Everyday reality conjured out of magical fiction

Guy Masterson in Under Milk Wood. Photo: supplied
Guy Masterson in Under Milk Wood. Photo: supplied
Under Milk Wood
Fortune Theatre
Saturday, October 8

Reviewed by Helen Watson White 

Helen Watson White
Helen Watson White

To begin at the beginning: It is spring, moonless night in the small town, starless and bible-black, the cobblestreets silent and the hunched, courters'-and-rabbits' wood limping invisible down to the sloeblack, slow, black, crowblack, fishing boat-bobbing sea...

Whoever remembers Richard Burton delivering these lines will be grateful to his nephew Guy Masterson for continuing the family tradition.
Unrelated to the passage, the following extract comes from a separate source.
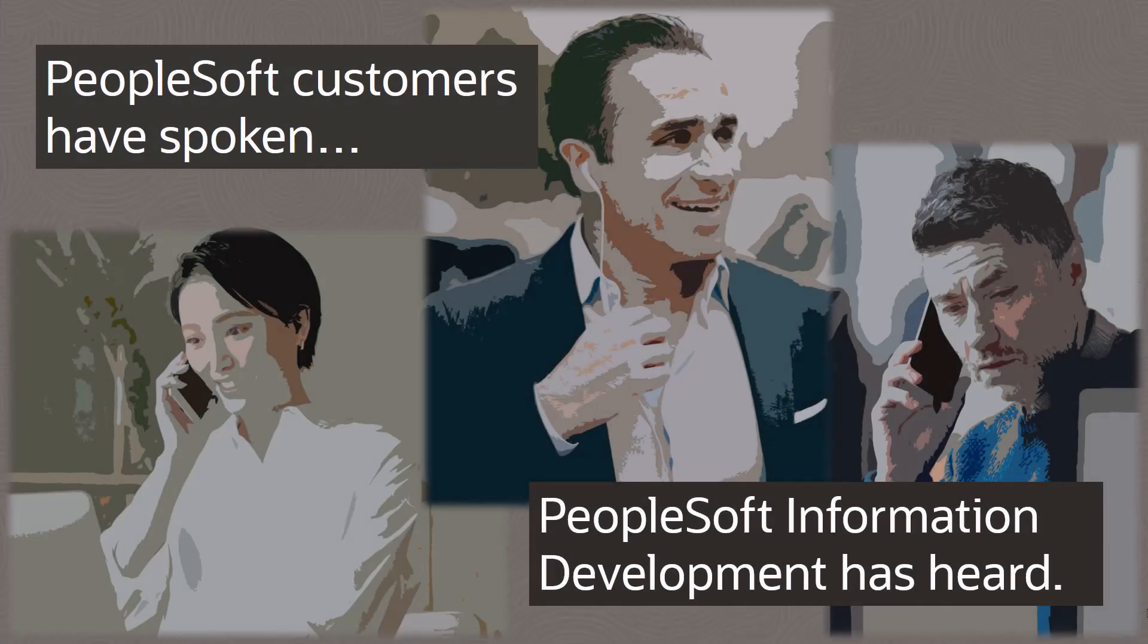The Oracle PeopleSoft Information Development Team creates the helpful assets our customers use daily, including the PeopleSoft Help documentation, PeopleSoft Video content, the Cumulative Feature Overview or CFO tool, release content, and the PeopleSoft Information Portal.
Under Milk Wood, a "Play for Voices'' by fellow-Welshman Dylan Thomas, evokes an everyday reality out of magical fiction. On Saturday night, Masterson brought that magic here; the audience was rapt, their standing ovation his reward.

In the first radio broadcast of Under Milk Wood in 1958, there were 27 voices, Masterson recounts in an interview (ODT October 1).

In this captivating revival of a play that has taken many forms in different media, his is the only voice, albeit divided among some 69 characters. Dressed in distinctly ordinary pyjamas, with two props, a beer mug and a chair, he enters the sleeping bodies and dreaming heads of people in the seaside town of Llaregyb (or Llareggub - read it backwards).

As they toss and turn in bed, cuddle a spouse, fight private battles, their unexpressed memories, misfortunes and desires are given voice in songs, rhymes and highly poetic prose.

Masterson's animated narration is accompanied by a soundtrack incorporating selected imagery. This suggests a balance that's been worked for: when to admit other senses to the experience, and when to leave the text well alone?

I certainly enjoyed the monstrous night shadows cast by spotlights on the forestage. Both actor and audience relished the theatricality of this performance, the clowning, the suggestiveness, the irony. It's a classic: a day in the life of ordinary folk, conveyed in unforgettable words.